The pericardium is a fibroelastic enclosure of the heart that usually contains approximately 50 mL of pericardial fluid. Pericardial fluid is essentially filtered plasma that drains to nearby lymph nodes. The phrenic nerve innervates the pericardium. A pericardial effusion represents an increased amount of physiologic pericardial fluid. 

The pericardium can stretch to accommodate increased amounts of pericardial fluid, but the rapidity of fluid accumulation determines the ability of the pericardium to adapt to the increased volume. If the fluid accumulates slowly, the pericardium will expand and adapt; in these circumstances, patients can maintain normal physiologic mechanisms even in the setting of large accumulated volumes. However, if the effusion occurs acutely, as in the setting of trauma or rupture of the ventricular wall, the pericardium cannot adapt, and physiologic decompensation occurs rapidly.

Specific disease processes do not result in the accumulation of pericardial fluid but rather fibrosis and scarring of the fibroelastic pericardial sac, resulting in a loss of elasticity and constriction.

Pericardiocentesis can result in iatrogenic injury to nearby critical structures such as the right main and left anterior descending coronary arteries, lungs, and diaphragm. These risks are reduced but not eliminated by performing the procedure with guided imaging.

Indications

Blunt and penetrating traumatic injuries may cause an accumulation of blood in the pericardial space, termed hemopericardium, leading to cardiac tamponade. Penetrating trauma to the region of the anterior chest delineated superiorly by the clavicles, inferiorly by the costal margin, and laterally by the nipple line, an area known as "the box," from projectiles or sharp-tipped objects has the potential to injure any of the structures in the area and cause cardiac tamponade.[3] Pericardiocentesis is indicated in patients with blunt or penetrating trauma who are hemodynamically unstable, are in cardiac arrest, or have evidence of pericardial effusion on the Focused Assessment with Sonography for Trauma (FAST) exam and hypotension without another clear etiology.[4] 

Posttraumatic pericardiocentesis is usually performed emergently at the bedside as a temporizing measure to stabilize the patient and facilitate transfer to the operating room where definitive treatment, such as the creation of a pericardial window or thoracotomy and surgical pericardiotomy, can be performed. If the pericardiocentesis is unsuccessful, a bedside thoracotomy can be performed to allow for pericardiotomy and drainage of pericardial tamponade.[5]
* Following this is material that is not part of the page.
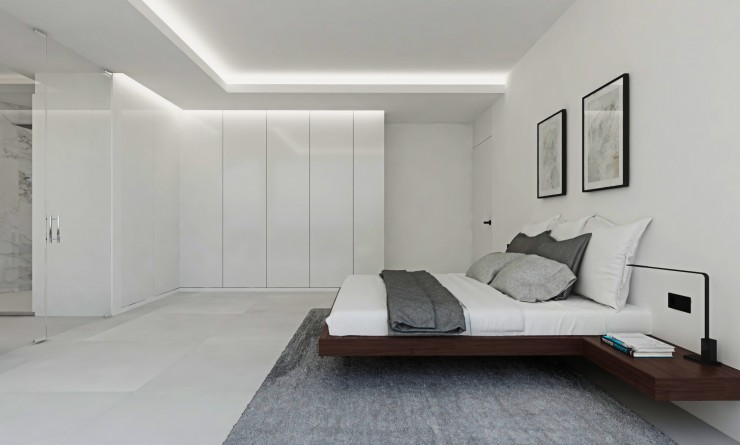 New Build - Penthouse - Pueblo Mascarat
Pericardiocentesis may also be indicated for patients with a gradual-onset pericardial effusion. The patient with such an effusion may be only mildly symptomatic, if at all. These effusions may be identified during imaging studies such as plain radiography, computed tomography, or echocardiography. In such instances, the pericardiocentesis may be diagnostic, therapeutic, or both. Pericardiocentesis is frequently performed under fluoroscopic or echocardiographic guidance in these controlled circumstances.

Contraindications

There are no absolute contraindications to pericardiocentesis in an unstable patient. Removing even a small amount of pericardial fluid in an unstable patient with true tamponade can rapidly improve hemodynamics.
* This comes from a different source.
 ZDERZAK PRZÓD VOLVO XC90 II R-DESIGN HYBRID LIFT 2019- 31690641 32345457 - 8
Relative contraindications to pericardiocentesis include uncorrected coagulopathy, low platelet count, and lack of knowledge about the anatomy of the chest.[6] The clinician should be entirely certain that an emergency procedure is necessary, as patient outcomes are superior if the patient can be transported to a cardiac catheterization lab or operating room for definitive care. Emergent pericardiocentesis at the bedside is generally considered only a temporizing measure.

Equipment

Pericardiocentesis should ideally be performed in the operating room or intensive care unit, where the patient can be continuously monitored. The operator will require an ultrasound machine or fluoroscopy to use imaging guidance. Additionally, the clinician should prepare sterile drapes, local anesthetic, syringes, needles, a scalpel, and a pericardiocentesis kit. The typical setup includes an 18-gauge spinal needle and a syringe with a volume of ≥50 mL. Operators should be prepared to place a pericardial drain; drainage is often required, even if the initial needle aspiration leads to significant clinical improvement. 

Place the patient supine with the head of the bed slightly elevated. The patient should be on continuous electrocardiographic monitoring, have intravenous access, and receive supplemental oxygen. The placement of a nasogastric tube to decompress the stomach and lower the risk of gastric perforation may be considered if time permits. 
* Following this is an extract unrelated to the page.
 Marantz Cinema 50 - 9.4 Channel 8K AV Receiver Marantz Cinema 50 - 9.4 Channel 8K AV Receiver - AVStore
The procedure should be performed under echocardiographic guidance, including point-of-care or bedside ultrasound, when possible. Ultrasound facilitates more accurate needle positioning and may prevent complications. Continuous electrocardiographic monitoring will indicate when the needle contacts the epicardium and can prevent iatrogenic puncture of the ventricular wall. ST- and PR-segment elevation may be seen if the needle contacts the cardiac chambers.[7] 

Personnel

Pericardiocentesis should only be performed by clinicians familiar with the anatomy of the heart and prior experience with the procedure. Initial training for novice clinicians can utilize simulation lab settings.[8] This is not a learning procedure as it can potentially cause serious injury to the heart.

The procedure should follow strict aseptic rules using personnel from the operating room or cardiac catheterization laboratory. Emergent pericardiocentesis may be performed in an emergency department or trauma resuscitation room if the patient cannot tolerate a delay in care to transport to a more definitive site. 

Preparation

Pericardiocentesis is performed as a therapeutic or diagnostic procedure. Pericardiocentesis is indicated when an acute or chronic pericardial effusion causes clinically significant symptoms, often overt cardiac tamponade. Pericardiocentesis may also be indicated for acute or chronic pericardial effusions without tamponade.[9] Such indications may include obtaining pericardial fluid for laboratory analysis to determine the etiology of an effusion, palliation of symptoms including dyspnea or edema, or to prevent the progression of the effusion to frank tamponade, which is an emergent situation.[9]

In the acute setting, as little as 100 to 150 mL of pericardial fluid can cause cardiac tamponade; in chronic pericardial effusions, as much as 1 to 2 L of pericardial fluid may slowly accumulate. If the pericardium has adequate time to adjust to the increasing volume, decompensation may not occur. Removing large volumes of fluid can cause paradoxical physiologic decompensation. The rapidity of fluid drainage can impact the likelihood of occurrence. 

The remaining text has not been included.